* [What is being asked]
Leave the pictures out. Return all other data exactly.

--- Raw data Enclosed Below ---

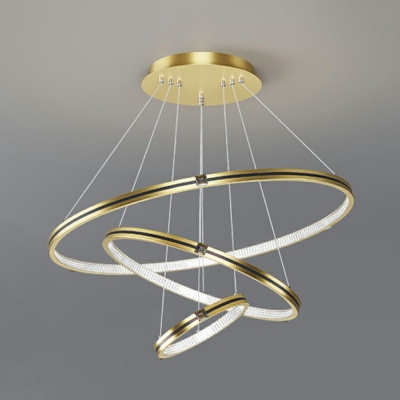 Contemporary Acrylic Orbicular Chandelier Light Living Room Hanging Lamp
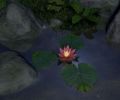 Water Lily Скриншот 0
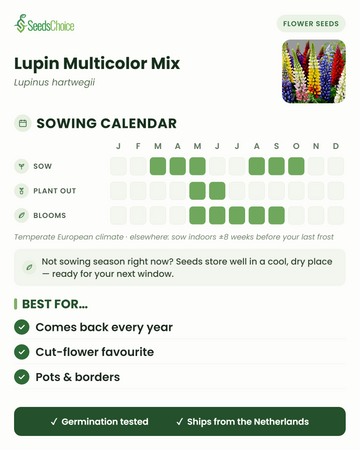 Zaaikalender voor Lupin Multicolor Mix in een gematigd Europees klimaat: zaaien maart t/m mei of augustus t/m oktober, bloeit mei t/m september; zaden blijven goed bewaarbaar tot het volgende zaaiseizoen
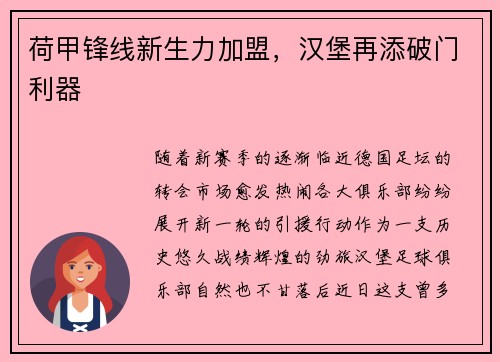荷甲锋线新生力加盟，汉堡再添破门利器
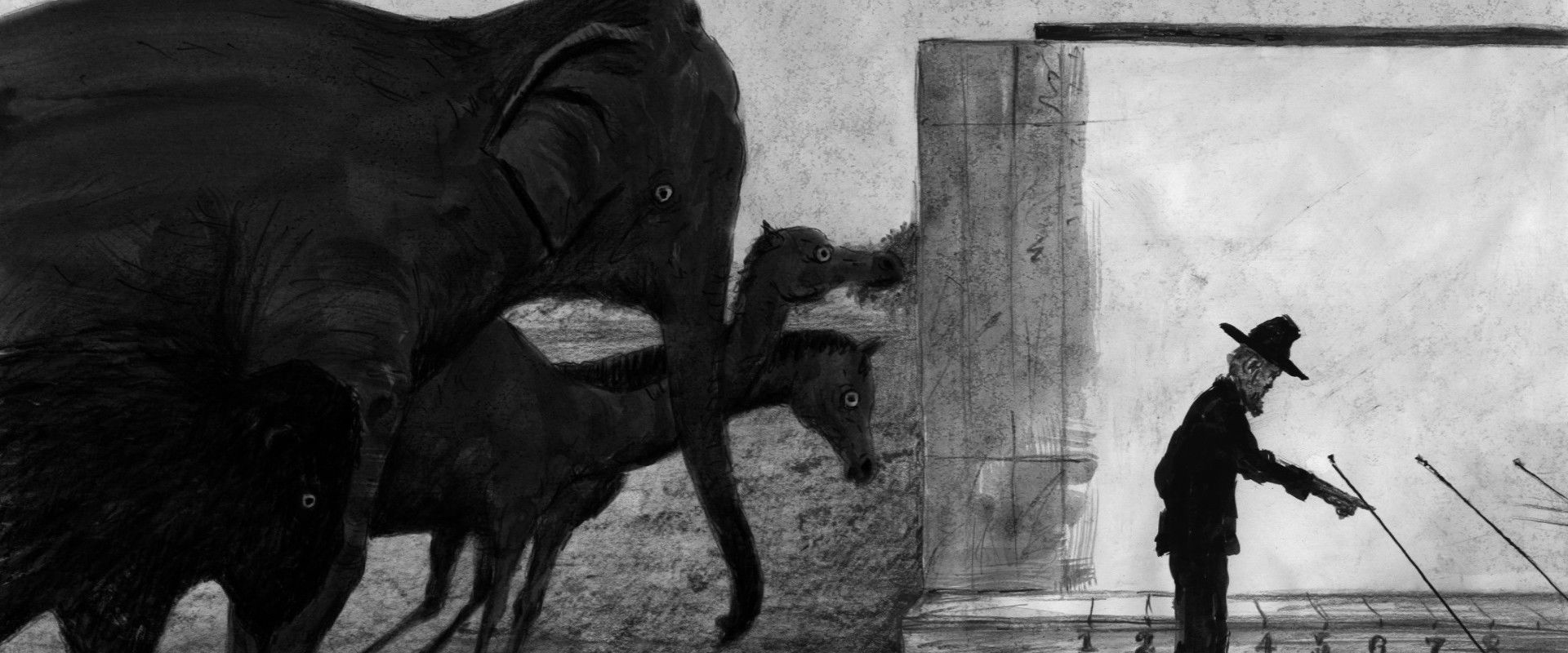 Muybridge's Strings backdrop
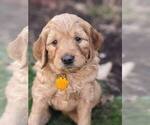 Small Photo #1 Golden Retriever-Goldendoodle Mix Puppy For Sale in MILLERSBURG, OH, USA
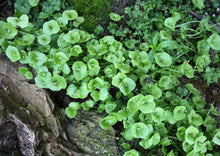 Load image into Gallery viewer, PERMA LETTUCE - Miner&#39;s Lettuce
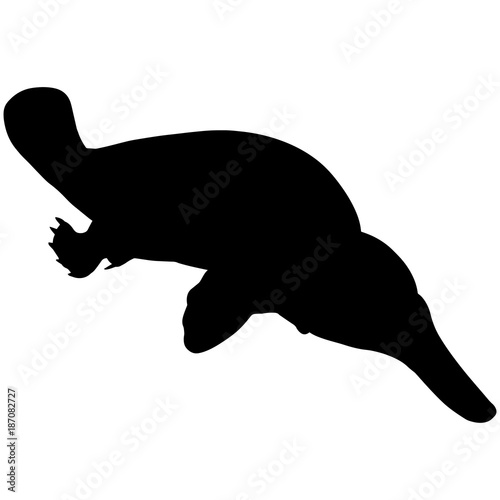 Platypus Silhouette Vector Graphics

--- End of Enclosed Raw data ---

* [Output of the exercise]
 Contemporary Acrylic Orbicular Chandelier Light Living Room Hanging Lamp
 Water Lily Скриншот 0
 Zaaikalender voor Lupin Multicolor Mix in een gematigd Europees klimaat: zaaien maart t/m mei of augustus t/m oktober, bloeit mei t/m september; zaden blijven goed bewaarbaar tot het volgende zaaiseizoen
荷甲锋线新生力加盟，汉堡再添破门利器
 Muybridge's Strings backdrop
 Small Photo #1 Golden Retriever-Goldendoodle Mix Puppy For Sale in MILLERSBURG, OH, USA
 Load image into Gallery viewer, PERMA LETTUCE - Miner&#39;s Lettuce
 Platypus Silhouette Vector Graphics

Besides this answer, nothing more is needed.